Contents | Prev | Next

Character Set Conversion

Java uses Unicode as its native character encoding; however, many Java programs still need to handle text data in other encodings. Java therefore provides a set of classes that convert many standard character encodings to and from Unicode. Java programs that need to deal with non-Unicode text data will typically convert that data into Unicode, process the data as Unicode, then convert the result back to the external character encoding.

Converter Classes

Two classes provide the interface to the character encoding converters. The class java.io.ByteToCharConverter is a base class for classes that convert characters in an external encoding into Unicode. The class java.io.CharToByteConverter is a base class for classes that convert Unicode characters into an external encoding. Note that the names ByteToChar and CharToByte derive from the fact that the char type can be used to hold only Unicode characters while byte arrays are needed to represent characters in other encodings.

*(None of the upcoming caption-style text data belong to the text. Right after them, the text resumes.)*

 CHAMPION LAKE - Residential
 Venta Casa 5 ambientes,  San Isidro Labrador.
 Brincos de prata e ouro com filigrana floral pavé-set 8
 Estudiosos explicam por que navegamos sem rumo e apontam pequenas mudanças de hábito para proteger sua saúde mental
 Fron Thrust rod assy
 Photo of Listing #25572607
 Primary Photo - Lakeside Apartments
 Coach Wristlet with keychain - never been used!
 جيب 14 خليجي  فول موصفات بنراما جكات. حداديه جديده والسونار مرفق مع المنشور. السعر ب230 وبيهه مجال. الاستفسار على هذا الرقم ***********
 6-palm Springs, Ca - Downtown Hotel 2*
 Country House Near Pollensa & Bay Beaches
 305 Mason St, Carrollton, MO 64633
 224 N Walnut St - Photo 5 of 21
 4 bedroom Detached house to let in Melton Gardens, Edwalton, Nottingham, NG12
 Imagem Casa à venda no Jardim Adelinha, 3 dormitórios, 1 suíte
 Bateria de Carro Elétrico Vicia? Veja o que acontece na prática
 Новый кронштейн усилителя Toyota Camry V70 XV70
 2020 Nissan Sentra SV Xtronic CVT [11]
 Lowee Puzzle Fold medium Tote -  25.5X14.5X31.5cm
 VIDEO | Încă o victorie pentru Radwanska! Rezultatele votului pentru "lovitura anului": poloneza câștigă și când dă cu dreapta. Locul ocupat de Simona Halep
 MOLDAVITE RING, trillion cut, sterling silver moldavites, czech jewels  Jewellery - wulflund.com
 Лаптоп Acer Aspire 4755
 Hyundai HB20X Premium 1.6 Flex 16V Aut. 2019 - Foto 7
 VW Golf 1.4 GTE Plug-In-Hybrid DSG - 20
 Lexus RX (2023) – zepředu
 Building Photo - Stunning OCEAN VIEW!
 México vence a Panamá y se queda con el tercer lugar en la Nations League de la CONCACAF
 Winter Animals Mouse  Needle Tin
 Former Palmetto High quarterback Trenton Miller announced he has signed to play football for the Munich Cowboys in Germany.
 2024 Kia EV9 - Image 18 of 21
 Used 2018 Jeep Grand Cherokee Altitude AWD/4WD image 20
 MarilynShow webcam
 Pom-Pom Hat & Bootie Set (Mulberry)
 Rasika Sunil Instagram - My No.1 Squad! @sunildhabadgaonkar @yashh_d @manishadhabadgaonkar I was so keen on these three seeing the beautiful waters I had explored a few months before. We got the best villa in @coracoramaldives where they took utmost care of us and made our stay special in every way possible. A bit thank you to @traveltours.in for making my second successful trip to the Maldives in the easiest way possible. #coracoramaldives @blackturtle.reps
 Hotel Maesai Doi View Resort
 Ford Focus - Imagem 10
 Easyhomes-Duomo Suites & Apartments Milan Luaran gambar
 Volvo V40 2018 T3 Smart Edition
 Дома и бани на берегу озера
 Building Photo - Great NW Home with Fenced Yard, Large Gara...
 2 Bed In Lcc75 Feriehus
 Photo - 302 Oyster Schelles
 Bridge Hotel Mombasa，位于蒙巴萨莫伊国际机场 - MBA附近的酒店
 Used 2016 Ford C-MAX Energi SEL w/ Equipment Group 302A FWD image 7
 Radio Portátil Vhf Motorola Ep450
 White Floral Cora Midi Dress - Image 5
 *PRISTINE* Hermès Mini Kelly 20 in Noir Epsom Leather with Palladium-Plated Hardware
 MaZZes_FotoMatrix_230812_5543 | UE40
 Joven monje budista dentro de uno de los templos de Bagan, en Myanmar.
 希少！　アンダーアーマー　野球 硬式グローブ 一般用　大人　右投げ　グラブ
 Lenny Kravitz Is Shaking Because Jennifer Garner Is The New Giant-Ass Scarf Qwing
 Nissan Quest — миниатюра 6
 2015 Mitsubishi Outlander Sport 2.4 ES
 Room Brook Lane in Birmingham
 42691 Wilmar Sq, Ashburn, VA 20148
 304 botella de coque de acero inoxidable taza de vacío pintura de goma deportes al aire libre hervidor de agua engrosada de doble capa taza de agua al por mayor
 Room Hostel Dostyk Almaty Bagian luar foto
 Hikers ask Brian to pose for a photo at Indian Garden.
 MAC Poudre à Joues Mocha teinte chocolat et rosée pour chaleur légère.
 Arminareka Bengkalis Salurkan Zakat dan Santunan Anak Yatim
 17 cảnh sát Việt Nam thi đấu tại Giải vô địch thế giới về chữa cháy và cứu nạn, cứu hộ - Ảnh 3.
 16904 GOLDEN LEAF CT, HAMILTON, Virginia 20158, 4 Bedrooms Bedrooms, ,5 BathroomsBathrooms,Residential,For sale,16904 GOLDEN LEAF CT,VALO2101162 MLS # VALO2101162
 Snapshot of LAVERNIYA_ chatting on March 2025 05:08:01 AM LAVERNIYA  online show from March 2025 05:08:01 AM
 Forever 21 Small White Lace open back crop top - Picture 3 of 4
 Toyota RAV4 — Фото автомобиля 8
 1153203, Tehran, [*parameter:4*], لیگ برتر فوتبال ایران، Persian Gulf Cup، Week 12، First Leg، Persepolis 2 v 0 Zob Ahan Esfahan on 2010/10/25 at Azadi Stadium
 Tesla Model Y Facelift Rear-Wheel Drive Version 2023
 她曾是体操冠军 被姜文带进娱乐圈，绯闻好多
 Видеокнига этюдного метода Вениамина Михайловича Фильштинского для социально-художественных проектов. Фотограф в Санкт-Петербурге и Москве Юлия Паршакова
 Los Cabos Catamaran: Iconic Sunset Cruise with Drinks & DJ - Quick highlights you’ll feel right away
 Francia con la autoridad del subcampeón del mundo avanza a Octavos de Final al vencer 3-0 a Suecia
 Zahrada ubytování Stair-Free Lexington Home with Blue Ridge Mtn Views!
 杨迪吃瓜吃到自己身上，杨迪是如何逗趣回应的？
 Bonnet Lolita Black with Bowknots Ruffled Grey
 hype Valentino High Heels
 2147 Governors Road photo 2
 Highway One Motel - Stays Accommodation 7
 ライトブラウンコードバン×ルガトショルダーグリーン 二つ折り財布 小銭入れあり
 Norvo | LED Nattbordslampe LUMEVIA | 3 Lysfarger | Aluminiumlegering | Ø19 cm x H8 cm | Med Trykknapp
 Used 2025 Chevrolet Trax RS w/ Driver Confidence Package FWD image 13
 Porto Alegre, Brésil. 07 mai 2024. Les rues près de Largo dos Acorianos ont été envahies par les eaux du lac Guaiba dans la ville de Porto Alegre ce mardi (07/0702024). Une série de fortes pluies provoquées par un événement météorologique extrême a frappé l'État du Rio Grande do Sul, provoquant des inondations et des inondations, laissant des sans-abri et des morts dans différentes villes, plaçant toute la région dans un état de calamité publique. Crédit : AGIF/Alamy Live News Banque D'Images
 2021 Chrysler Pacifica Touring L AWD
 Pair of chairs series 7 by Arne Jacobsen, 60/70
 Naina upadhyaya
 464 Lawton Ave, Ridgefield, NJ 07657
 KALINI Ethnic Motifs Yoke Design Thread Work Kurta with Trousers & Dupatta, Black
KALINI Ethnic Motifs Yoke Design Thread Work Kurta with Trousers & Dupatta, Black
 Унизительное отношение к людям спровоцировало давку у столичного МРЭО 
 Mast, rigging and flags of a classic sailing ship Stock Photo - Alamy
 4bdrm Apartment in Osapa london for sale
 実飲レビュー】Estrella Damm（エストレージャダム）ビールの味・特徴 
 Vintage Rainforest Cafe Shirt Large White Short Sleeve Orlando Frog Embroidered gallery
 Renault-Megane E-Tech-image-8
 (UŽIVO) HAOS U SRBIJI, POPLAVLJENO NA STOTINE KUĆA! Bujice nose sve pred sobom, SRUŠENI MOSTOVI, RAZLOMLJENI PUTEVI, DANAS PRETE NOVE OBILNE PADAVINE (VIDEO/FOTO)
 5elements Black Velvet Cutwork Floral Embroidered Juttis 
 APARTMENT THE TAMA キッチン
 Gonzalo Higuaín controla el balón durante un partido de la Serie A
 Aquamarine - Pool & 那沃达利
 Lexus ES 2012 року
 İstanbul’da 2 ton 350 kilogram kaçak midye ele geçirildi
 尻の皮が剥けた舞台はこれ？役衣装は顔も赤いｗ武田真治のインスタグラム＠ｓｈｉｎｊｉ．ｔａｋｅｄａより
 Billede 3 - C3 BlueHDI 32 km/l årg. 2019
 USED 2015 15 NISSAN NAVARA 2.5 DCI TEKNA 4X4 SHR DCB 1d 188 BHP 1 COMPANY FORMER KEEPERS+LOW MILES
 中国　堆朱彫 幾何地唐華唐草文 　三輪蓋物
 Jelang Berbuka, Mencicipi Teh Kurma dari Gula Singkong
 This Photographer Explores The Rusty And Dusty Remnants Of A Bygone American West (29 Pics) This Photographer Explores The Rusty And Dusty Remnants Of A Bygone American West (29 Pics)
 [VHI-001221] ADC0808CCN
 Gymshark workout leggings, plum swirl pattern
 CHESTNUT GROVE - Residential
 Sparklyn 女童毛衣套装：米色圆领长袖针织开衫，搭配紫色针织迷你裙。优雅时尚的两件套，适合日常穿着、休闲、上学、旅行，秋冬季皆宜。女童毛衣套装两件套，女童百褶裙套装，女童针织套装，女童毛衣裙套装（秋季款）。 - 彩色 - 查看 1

Converter objects are created like this:

ByteToCharConverter toUnicode
= ByteToCharConverter.getConverter("ISO-8859-1");
CharToByteConverter fromUnicode
= CharToByteConverter.getConverter("CP850");

The static getConverter() methods return a subclass that will perform the appropriate conversion. The name strings used to select the converter must be valid IANA character set names1. These are the same names as are used by the MIME charset parameter.

Both ByteToCharConverter and CharToByteConverter contain methods that are used to perform the actual conversion. The following simple example shows how a Unicode string could be converted into the Japanese Shift JIS character encoding using the convertAll() method:

String str = "The quick brown fox";
byte[] output;
CharToByteConverter fromUnicode
= CharToByteConverter.getConverter("SJIS");
output = fromUnicode.convertAll( str.toCharArray() );
In addition to the convertAll() method which converts text all at once, the converter classes also contain a method named convert() which can be used to convert large amounts of text incrementally.

Unknown Characters

There is seldom a one to one mapping between two character encodings. When a converter encounters a character in the source encoding that cannot be represented in the target encoding, an UnknownCharacterException is thrown. This behavior can be turned off however by calling setSubstitutionMode(true). In substitution mode, a converter will replace unknown characters with a substitution character. When converting to Unicode the default substitution character is \ufffd, the Unicode Replacement Character. When converting to an external character encoding the default is `?'. A different substitution character can be used by calling setSubstitutionBytes() and setSubstitutionChars().

Stateful Conversions

Many common character encodings are stateful, that is, the interpretation of a byte depends on the bytes before it. To accommodate this, the converter classes retain the state of the conversion at the end of a call to convert(). The retained state can include partially encountered multi-byte character sequences. If convert() is interrupted by an exception, the caller can handle the error then continue the conversion with a subsequent call to convert().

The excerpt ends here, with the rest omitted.